Abrir un restaurante es más que cocinar ricos platos en una cocina. En una época en la que el dinero escasea, entender qué busca el nuevo comensal es clave. Pero se trata de una línea muy delicada: no sirve seguir y agotar una moda (lo que viene sucediendo con hamburguesas y cervecerías fotocopiadas), sino estar siempre un paso más allá, encontrando un eje propio sobre el cual cambiar las reglas del juego. Cuando abrió La Carnicería, todavía muy pocos trabajaban con una mirada distinta sobre la carne. Estaban Elena y Le Grill, con sus fantásticos dry aged; estaba Don Julio, investigando sobre embutidos y el peso de la faena, o La Cabrera, pionero en la renovación parrillera. Pero La Carnicería fue más allá: una parrilla que no ofrecía papas fritas, que
no tenía simplemente molleja o chinchulines, sino que a todo le daba una vuelta de tuerca propia. Hoy es común servir chorizos con huevo frito, pero
hace cuatro años era de una modernidad absoluta. Niño Gordo también apareció en el momento justo, subiéndose a una revolución asiática junto a lugares
como Kyopo, 430 Ramen Bar, Bao Kitchen, El Quinto, el flamante Kho en el Mercado de Juramento, el genial Opio Gastropub, Fu King, Koi Dumpling y otros, en una moda que sigue creciendo: hace tan solo unas semanas abrió The Night Market, nuevo bar asiático en Palermo. Y apenas un tiempo antes de que abriera Juan Pedro Caballero, estaba inaugurada La Churrería en el Mercado de San Telmo. Siempre hay tendencias que cruzan la gastronomía, modas que marcan caminos. Lo importante es saber dónde subir. Y, también, cuándo bajar.

«Me enamoré de la cocina asiática, de las barbacoas coreanas. Iba todo el tiempo a los restaurantes coreanos en Buenos Aires; viajé a Asia por tres meses y trabajé en distintas cocinas; estuve en Vietnam, Japón, Corea, China. Así nació Niño Gordo, un lugar donde -como en La Carnicería- el fuego es protagonista, pero desde un punto de vista muy distinto. Hace 13 años que vivo en la Argentina, hace nueve y medio que trabajo y me rompo la espalda para entender y aprender, para crecer de manera orgánica. Todo lo que logramos es por trabajo y pasión, y siento que podemos dar todavía más espacios y conceptos para Buenos Aires. Esto lo puedo hacer porque tengo un socio que es de oro. Obviamente, tenés que estar viendo qué pasa en el país y qué pasa en el mundo, pero a la vez es importante darte cuenta de qué te gusta hacer a vos, como cocinero, y poner todo ahí adentro», dice Pedro.

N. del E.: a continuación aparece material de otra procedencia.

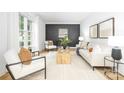 Bright living room with a modern color palette, hardwood floors, and large windows at 4808 Cobble Glen Way, Charlotte, NC 28269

«Sí, todos laburamos por plata, pero eso no puede ser el objetivo inmediato. Nosotros hacemos cosas que nos satisfagan, que nos llenen, y esperamos que como consecuencia de esa pasión y trabajo venga lo otro, ganar dinero. Pasamos decenas de horas acá adentro. Cuando abrimos La Carnicería éramos cuatro personas: Pedro, yo, y en el servicio estaban mi hermano y mi primo. Arrancábamos a las 10 de la mañana haciendo la producción y terminábamos a las cuatro del día siguiente lavando todo. Ni bachero teníamos. Sin pasión no podés hacer esto, es una locura», dice Germán. Una locura que demostró ser exitosa. Una locura no muy distinta de servir un churro recién frito, relleno de salsa de tomate, pintado con manteca de ajo y envuelto en lonjas de jamón crudo, como el que sirven hoy de almuerzo en Juan Pedro Caballero.